§ **WORK ORDER**: Every line of the data below that holds the string "Apartment" needs to be reported.

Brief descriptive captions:

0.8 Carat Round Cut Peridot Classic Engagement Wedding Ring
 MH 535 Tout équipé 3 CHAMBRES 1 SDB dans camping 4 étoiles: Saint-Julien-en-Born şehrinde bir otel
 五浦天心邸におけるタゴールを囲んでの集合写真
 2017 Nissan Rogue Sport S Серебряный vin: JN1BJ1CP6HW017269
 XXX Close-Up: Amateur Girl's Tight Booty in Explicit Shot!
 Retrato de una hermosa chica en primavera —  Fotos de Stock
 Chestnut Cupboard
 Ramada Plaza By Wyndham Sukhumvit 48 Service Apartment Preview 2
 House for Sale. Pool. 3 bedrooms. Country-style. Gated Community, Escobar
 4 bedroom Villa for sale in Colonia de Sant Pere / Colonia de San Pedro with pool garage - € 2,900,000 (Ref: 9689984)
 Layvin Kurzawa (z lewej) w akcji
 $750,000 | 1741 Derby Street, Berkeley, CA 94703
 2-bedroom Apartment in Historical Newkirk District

§ **REPLY**:
 Ramada Plaza By Wyndham Sukhumvit 48 Service Apartment Preview 2
 2-bedroom Apartment in Historical Newkirk District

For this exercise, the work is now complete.